When it comes to getting that punch line just right, you need four vital ingredients: the right music, the right timing, the right expression, and the right voice.
Live action sitcoms have an advantage over animated programs. They can be filmed in front of a live studio, so when the people in the audience laugh, then the people watching at home are alerted to when the punchline was delivered. Even shows that aren’t filmed live still have an edge over animated shows. When a punchline is delivered, the camera can do a dramatic zoom on the actor’s face, something that would look out of place in an anime or cartoon. So without a laugh track or free reign on camera zooms, how do animated shows deliver effectively funny lines?
As with most scenes in any form of media, the music score that plays in the background has a huge impact on the overall tone of the scene. So naturally, if it’s a funny scene, you’ll want funny sounding music to play in the background, right? You’re more likely to find a scene funny if the background music is bouncy and upbeat, as opposed to a sombre or chilling tune, after all.
But that doesn’t mean other types of music would be less effective in improving the mood. A song usually associated with action scenes being used for a mundane activity increases the ridiculousness of the moment. A scary song playing when a character tries (and ultimately fails) at scaring another character emphasizes just how badly (and subsequently, hilariously) they messed up. Even more subdued songs can act as a nice contrast to amplify the hilarity of a scene, as best exemplified by the video below:
It’s all about matching the right tracks to the right scenes and deciding which type of music best fits the scene’s overall tone.

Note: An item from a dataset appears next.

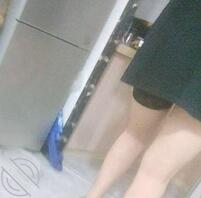 (原创)半夜老妈下面给我吃,我把我妈按在沙发上乱操!还内射了她。1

While this could also apply to live action shows, animated shows rely more on background music to create ambience. So sometimes, when a joke is made, the music has to find the right timing to come in and make that joke seem even funnier. Live action shows don’t heavily rely on background music, so matching music to punchlines isn’t necessary. This particular scene during Spongebob Squarepants’ hay days nails that sort of timing perfectly:
Deciding on the characters’ expression is especially difficult for animated shows that don’t have any source material to use as reference. Whatever expression the character wears during a comedic scene is vital, be it exasperated, laughing maniacally, or confused. If a character wears an emotionless mask throughout the entire scene, then the viewer is less likely to find that scene amusing…Unless that’s how the character typically acts, and their lack of reaction is part of the punchline.
So while sillier faces are more likely to to get a good laugh from the audience, other expressions: anger, annoyance, or even stoic can have justas good an effect. Often times, such expressions will be exaggerated to emphasize a character’s discontent or frustration.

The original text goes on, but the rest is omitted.